■ **Your assignment**
Your task is to output all the records below, word for word.

━━ Given records ━━

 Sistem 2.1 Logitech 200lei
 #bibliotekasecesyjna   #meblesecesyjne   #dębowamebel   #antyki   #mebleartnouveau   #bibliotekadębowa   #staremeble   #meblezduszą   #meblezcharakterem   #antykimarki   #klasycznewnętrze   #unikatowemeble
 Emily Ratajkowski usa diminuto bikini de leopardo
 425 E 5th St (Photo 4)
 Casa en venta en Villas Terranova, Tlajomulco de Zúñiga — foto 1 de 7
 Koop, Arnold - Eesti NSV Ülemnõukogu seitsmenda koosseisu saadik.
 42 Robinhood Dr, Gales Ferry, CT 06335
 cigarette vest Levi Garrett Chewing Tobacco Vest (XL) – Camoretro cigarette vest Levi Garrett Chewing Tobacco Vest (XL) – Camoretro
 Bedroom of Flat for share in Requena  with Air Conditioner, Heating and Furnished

━━━

■ **Answer section**
 Sistem 2.1 Logitech 200lei
 #bibliotekasecesyjna   #meblesecesyjne   #dębowamebel   #antyki   #mebleartnouveau   #bibliotekadębowa   #staremeble   #meblezduszą   #meblezcharakterem   #antykimarki   #klasycznewnętrze   #unikatowemeble
 Emily Ratajkowski usa diminuto bikini de leopardo
 425 E 5th St (Photo 4)
 Casa en venta en Villas Terranova, Tlajomulco de Zúñiga — foto 1 de 7
 Koop, Arnold - Eesti NSV Ülemnõukogu seitsmenda koosseisu saadik.
 42 Robinhood Dr, Gales Ferry, CT 06335
 cigarette vest Levi Garrett Chewing Tobacco Vest (XL) – Camoretro cigarette vest Levi Garrett Chewing Tobacco Vest (XL) – Camoretro
 Bedroom of Flat for share in Requena  with Air Conditioner, Heating and Furnished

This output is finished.